TCP sold some 16000 bales at an average price of about US Cents 33.50/lb FOB Karachi. Obviously, the Trading Corporation of Pakistan would incur heavy losses on export of its procured cotton, which may run into millions of Dollars.
On one hand, this situation is not acceptable to the Government and donor agencies while all the three cotton players especially the ginners are dissatisfied with the working of TCP.
Now, the Government is reported to have decided to restore Cotton Hedge Trading from the new cotton season ostensibly to provide cover to all cotton players against the wide price fluctuations and let the cotton market operate freely on the basis of demand and supply.
Thus the Government will be saved from incurring trade as well as other losses. The present position is that in 2001-2002, Pakistan harvested a crop of 10.4 million bales (170 kg) ex-gin and it imported cotton equivalent to 1.15 million Pakistan bales from different countries mainly USA, Australia, CIS, Africa and Syria.
Our domestic cotton consumption in 2003-04 season is now estimated around 12.5 million bales.
The present and the post-2005 global textile situation is favouring the increase of spinning capacity in Pakistan which would proportionately increase our domestic cotton consumption.
In other words, Pakistan has great potential in textile production and exports for which regular and smooth supply of raw cotton should be ensured at competitive rates.
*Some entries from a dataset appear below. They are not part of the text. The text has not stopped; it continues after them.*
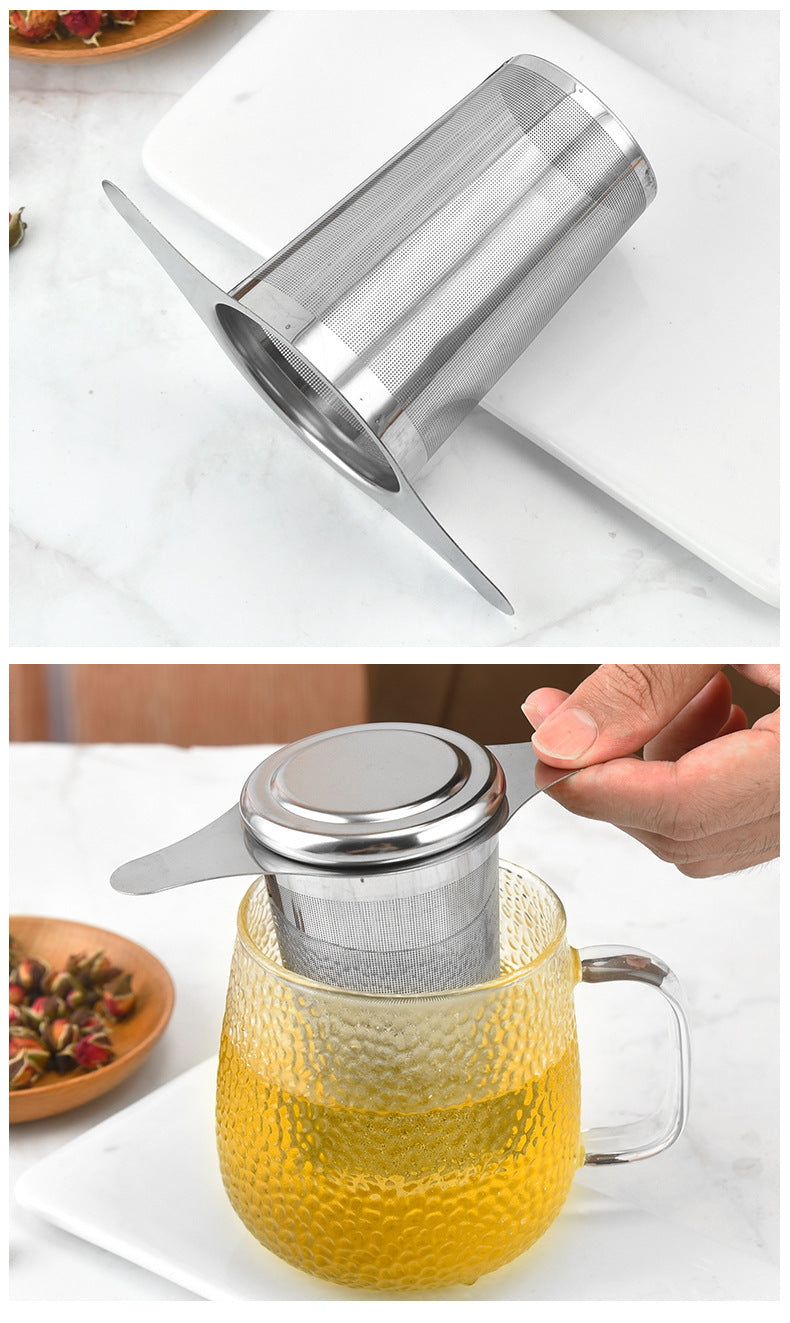 Stainless Steel with Lid Filer Tea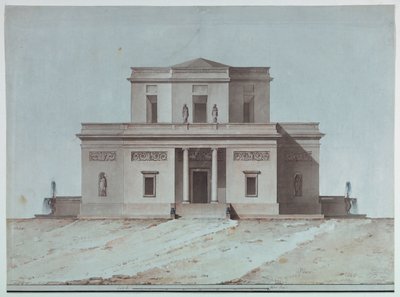 Forhøyning av en landlig villa av Unknown, Italian
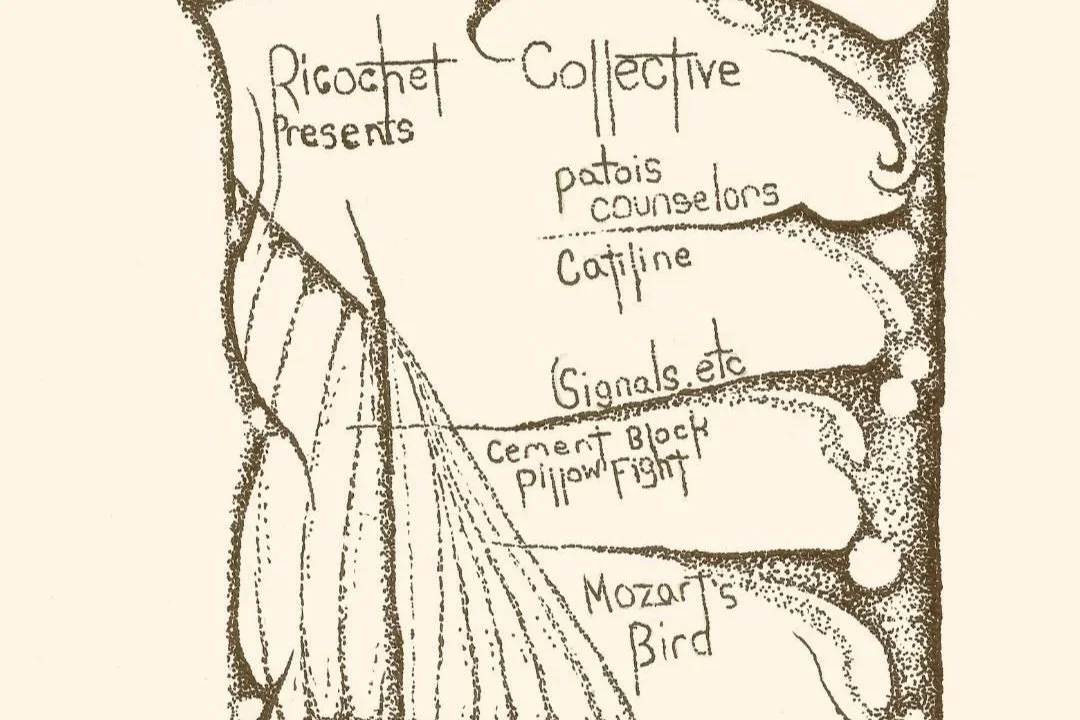 PATOIS COUNSELORS w/ SIGNALS, ETC., CEMENT BLOCK PILLOW FIGHT, MOZART'S BIRD &amp; CATILINE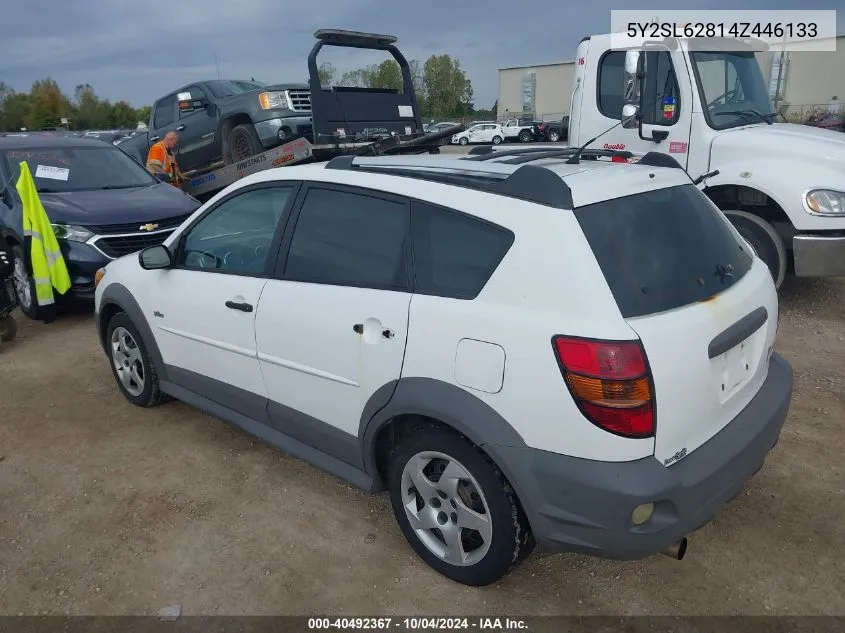 2004 Pontiac Vibe VIN: 5Y2SL62814Z446133 Lot: 40492367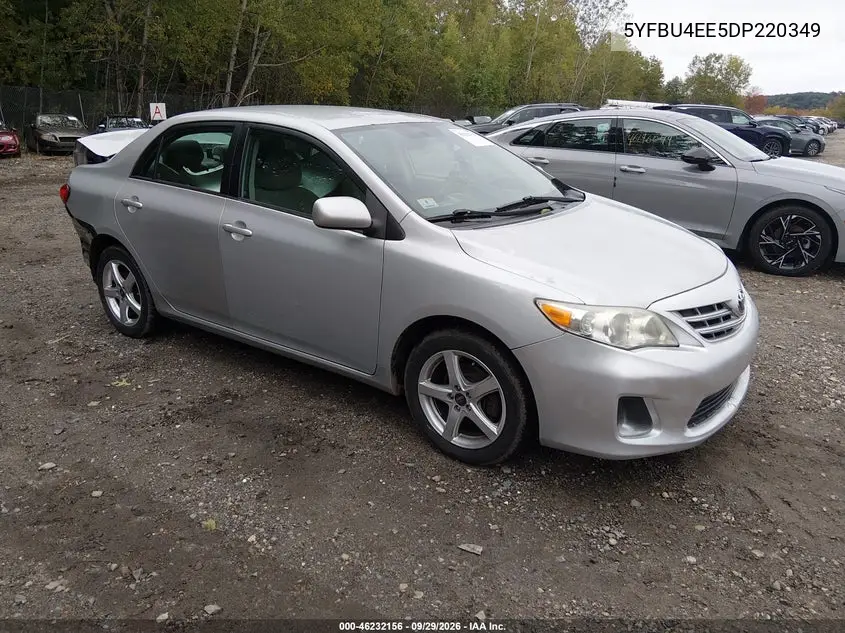 TOYOTA COROLLA 2013, VIN 5YFBU4EE5DP220349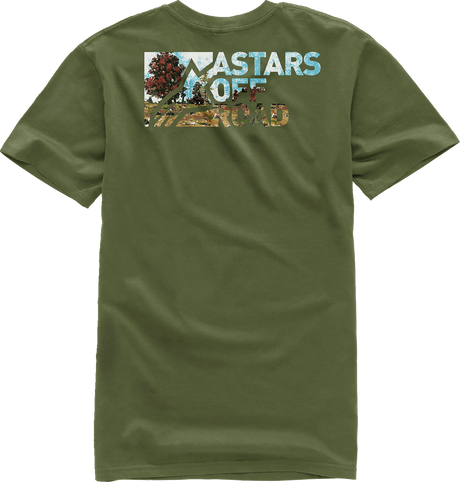 Painted T-Shirt - Military Green - 2XL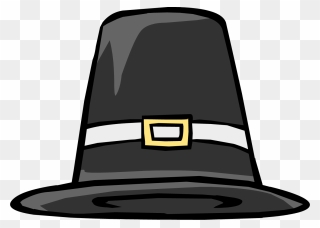 Funny Thanksgiving Clipart - Pilgrim Hat Transparent Background - Png Download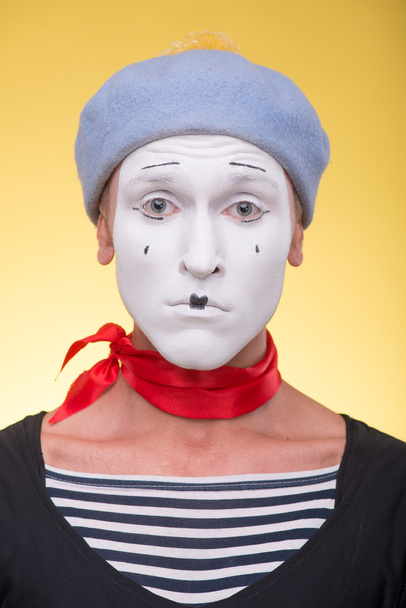 Portrait of male mime - Φωτογραφία, εικόνα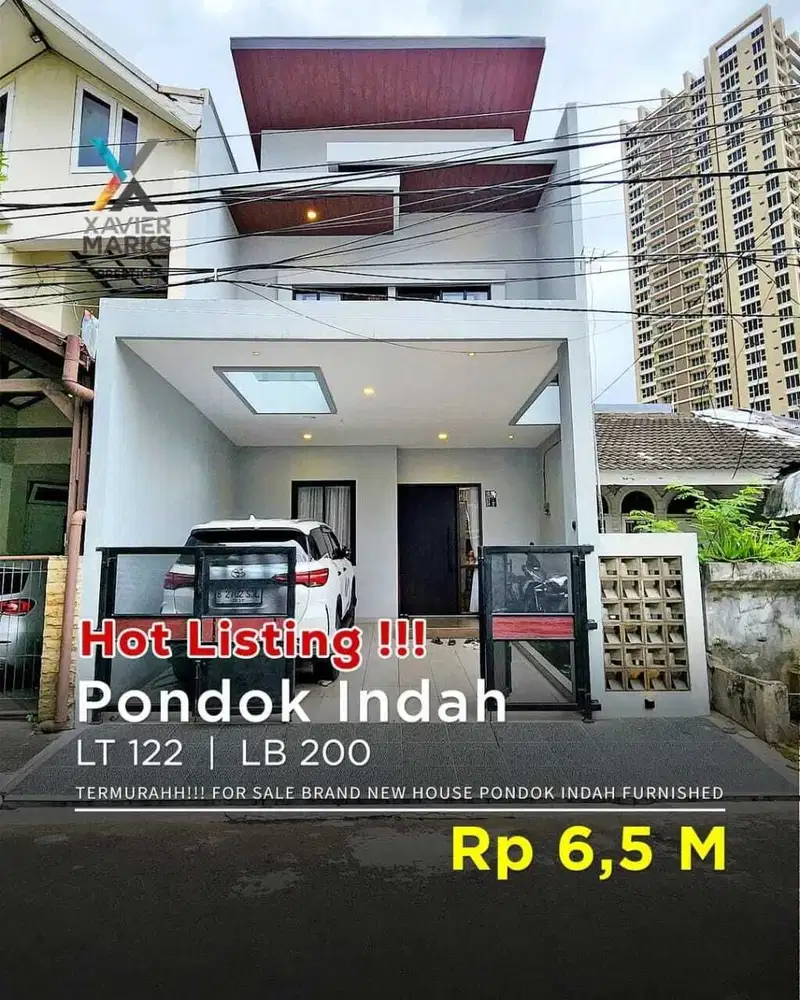 TERMURAHH FOR SALE BRAND NEW HOUSE PONDOK INDAH  FURNISHED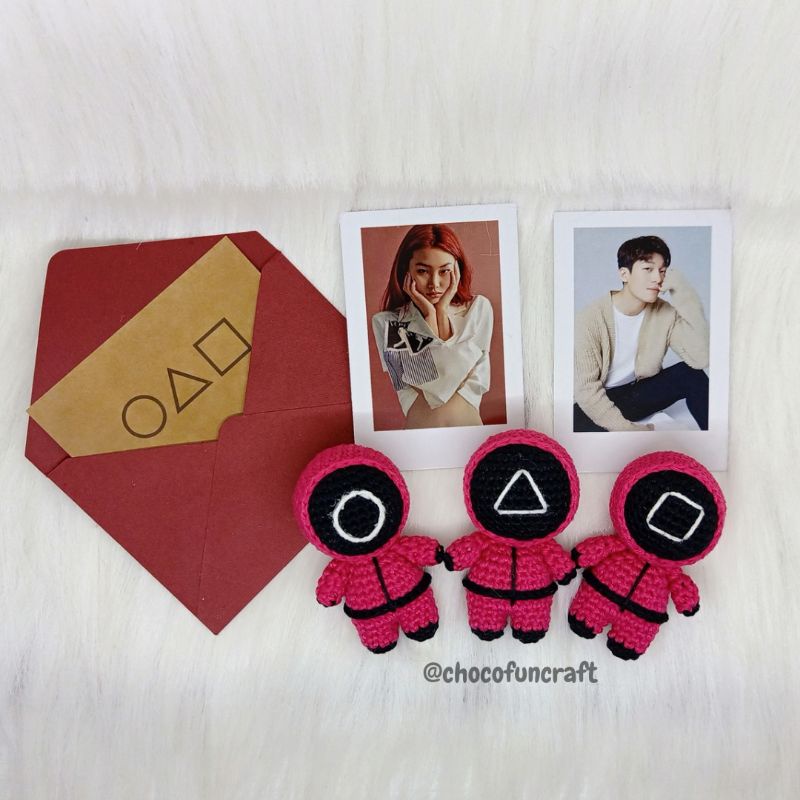 Amigurumi Squid Game Boneka Rajut Squid Game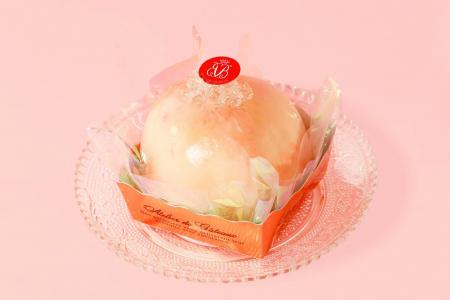 【京都・バイカル】白桃をまるごと１個使った桃のケー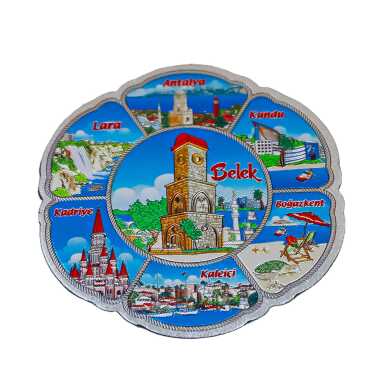 Belek Themed Metallic Refrigerator Magnet 70mm - 5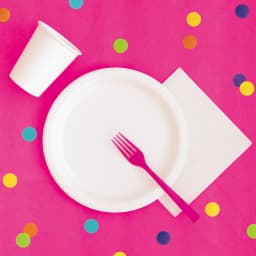 24 Count Pink Disposable Plastic Forks by Way To Celebrate - Thumbnail 3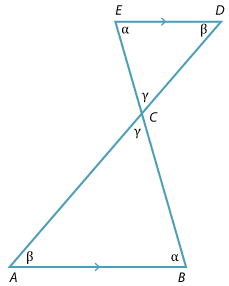 Two triangles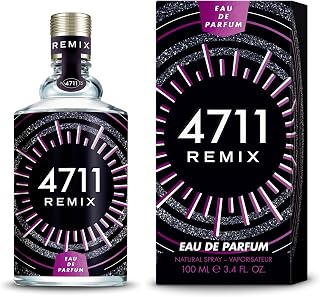 4711® Remix Electric Night I Eau de Parfum - electrizante- intensa - irresistible - ¡para noches inolvidables! I Spray con atomizador natural de 100 ml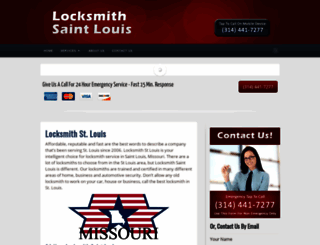 locksmithsaintlouis.net screenshot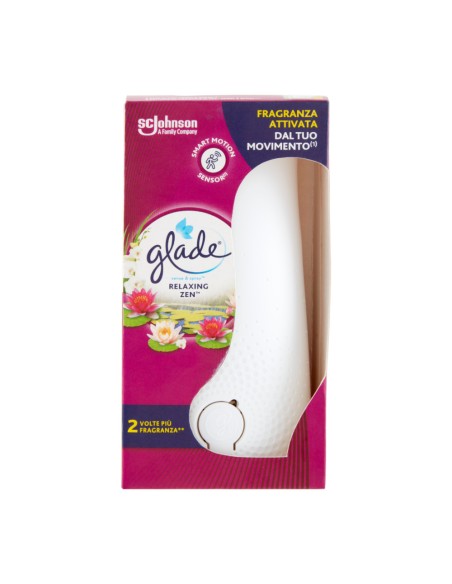 offerta Glade Sense & Spray Diffusore con Ricarica Fragranza Relaxing Zen 18 ml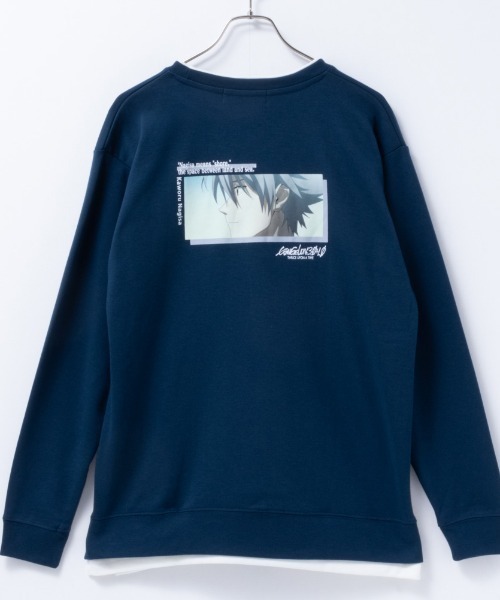 Mac-House（マックハウス）の「EVANGELION エヴァンゲリオン ポンチ素材 プリントクルー長袖Tシャツ（Tシャツ/カットソー・メンズ・ピンク/サックスブルー/ブラック/ブルー/チャコールグレー・L/M/XL）」の16枚目の写真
If Cotton Hedge Marketing system is restored in Pakistan, the spinners would be able to get regular and smooth supply of raw cotton round the year and the ginners and growers would get fair and prompt payment of their cotton.
Now, the Government has established National Commodity Exchange for conducting forward trading of many commodities including gold and cotton.
The Karachi Cotton Association which was the mother of Futures Trading in cotton has already updated its by-laws to suit new conditions and is seeking permission from the Government of Pakistan and reportedly it has been promised but official announcement and written permission is still awaited.
The KCA has all the necessary infrastructure facilities - required expertise, representation of all the three cotton stakeholders, own building and a good reputation to operate and manage Hedge Market under its control.
The KCA has designated all cotton ginning factories and Karachi as delivery points against cotton tender while there would be no delivery point in the procedure for Hedge Trading under National Commodity Exchange.
If there is no delivery point and only settlement is made then the purpose of Hedge Trading will be defeated, as it would become purely a gambling den.
Presently, Pakistan in previous decades was producing cotton largely surplus to its domestic requirements and the disposal of surplus cotton in exports required a specific marketing system such as Hedge Trading but the present cotton situation has almost reversed as Pakistan is producing 10 percent less than its domestic consumption and we are meeting this cotton deficiency through imports of foreign cottons to the extent of 15 percent of our production.
Do we now require Hedge Trading in cotton or we can do without it? Some trade groups are very much interested in restoration of Hedge Trading, perhaps to exploit the market to their benefit.
The Government of Pakistan should convene a broad based meeting of all cotton stakeholders and cotton professionals and discuss all the pros and cons of the matter before making any decision in this regard.